(Stored dataset items)
----------------

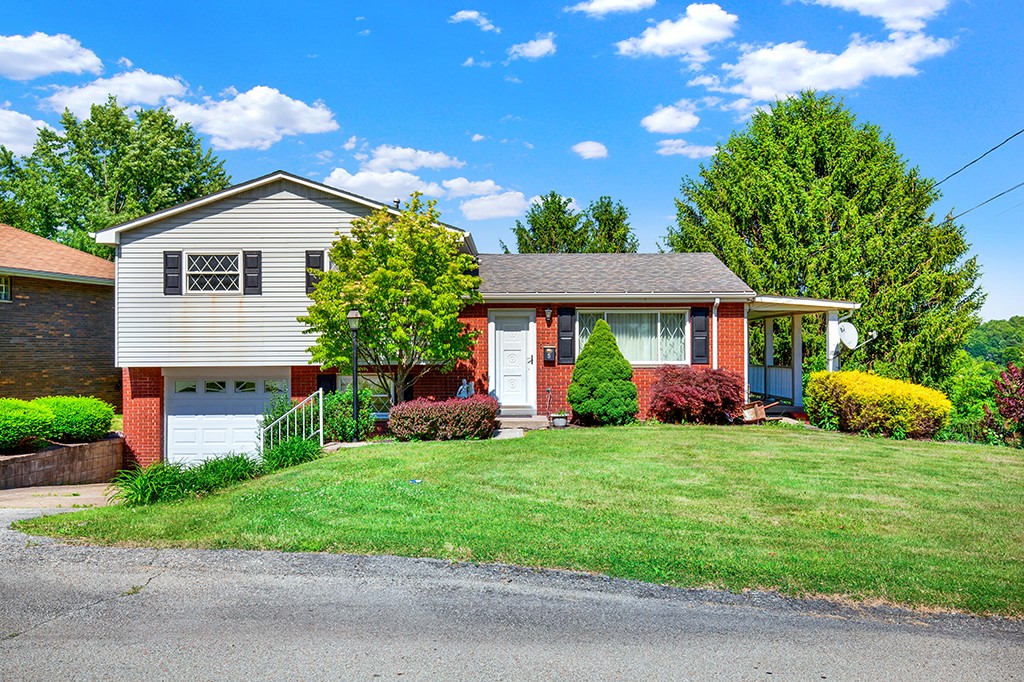 5 Westmoreland Dr, Monessen, PA 15062 MLS 1657674 Coldwell Banker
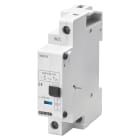 GEWISS - SGANCIATORE DI MINIMA TENSIONE PER SALVAMOTORI - 230V - 1 MODULO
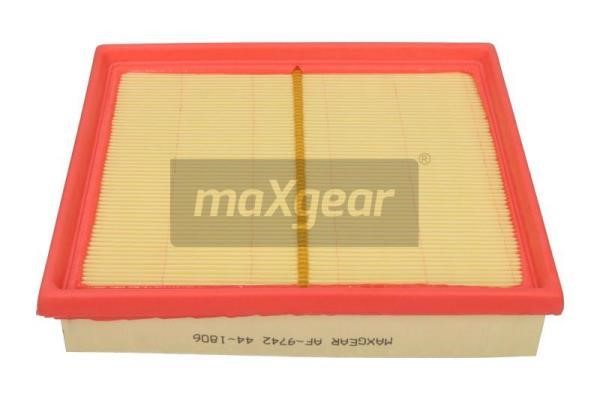Maxgear 26-1276 Air Filter 261276: Buy near me in Poland at 2407.PL - Good price!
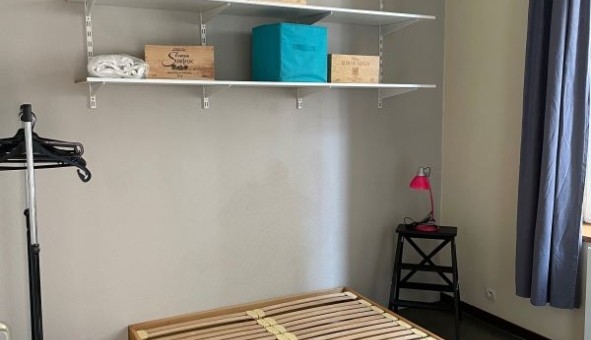 Logement tudiant T2 à Lille (59800)
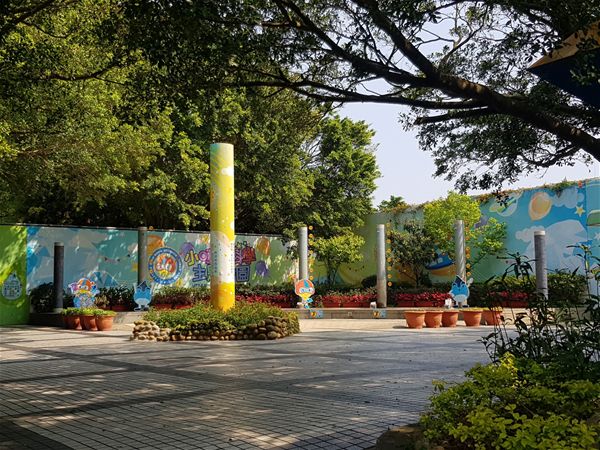 放大圖：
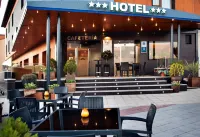 Hotel Torre de Sila Hôtels à : Tordesillas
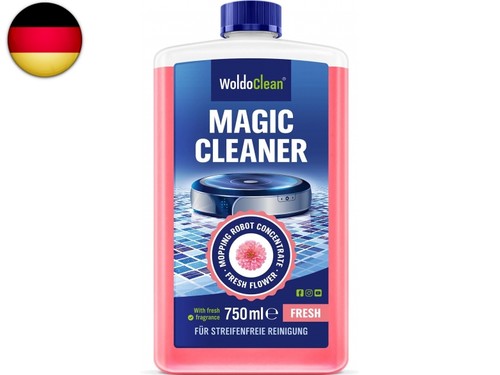 Woldoclean wischroboter - woldoclean,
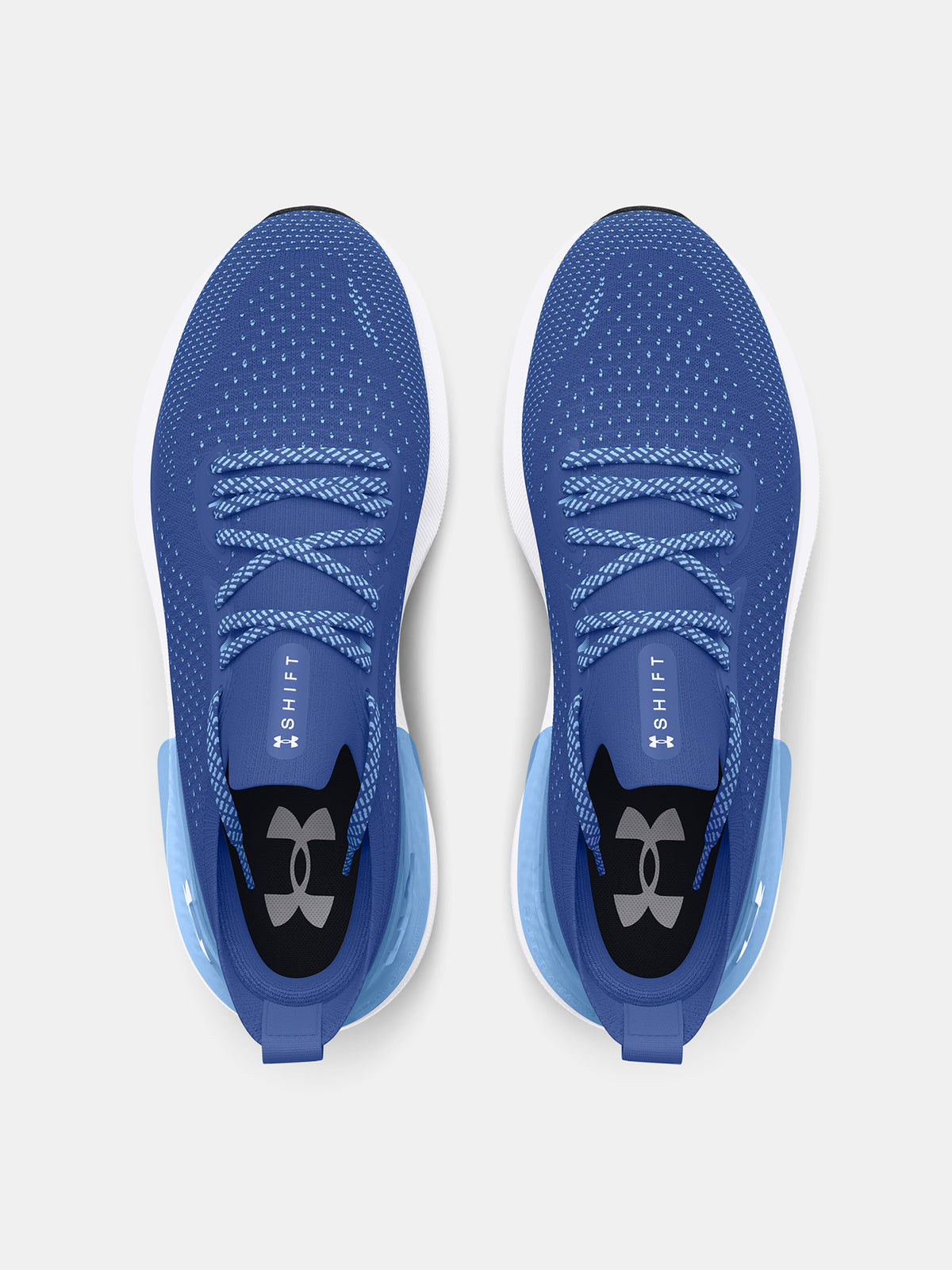 Férfi cipõ Under Armour UA Shift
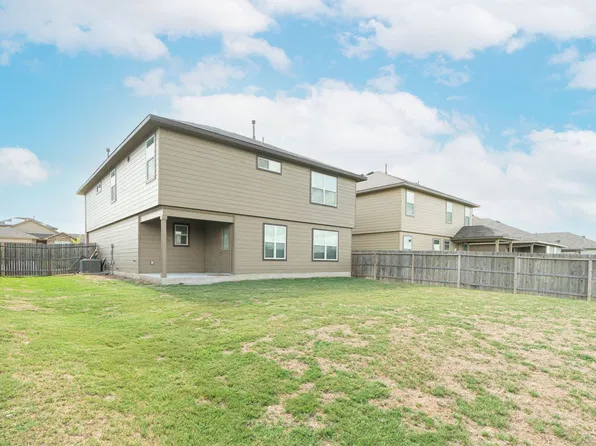 2611 Barbwire Way, San Antonio, TX 78244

----------------

GOAL OF THE EXERCISE: Leaving aside the images, write out the entries above word for word.

RESULT OF THIS TASK:
 5 Westmoreland Dr, Monessen, PA 15062 MLS 1657674 Coldwell Banker
 GEWISS - SGANCIATORE DI MINIMA TENSIONE PER SALVAMOTORI - 230V - 1 MODULO
Maxgear 26-1276 Air Filter 261276: Buy near me in Poland at 2407.PL - Good price!
 Logement tudiant T2 à Lille (59800)
 放大圖：
 Hotel Torre de Sila Hôtels à : Tordesillas
 Woldoclean wischroboter - woldoclean,
 Férfi cipõ Under Armour UA Shift
 2611 Barbwire Way, San Antonio, TX 78244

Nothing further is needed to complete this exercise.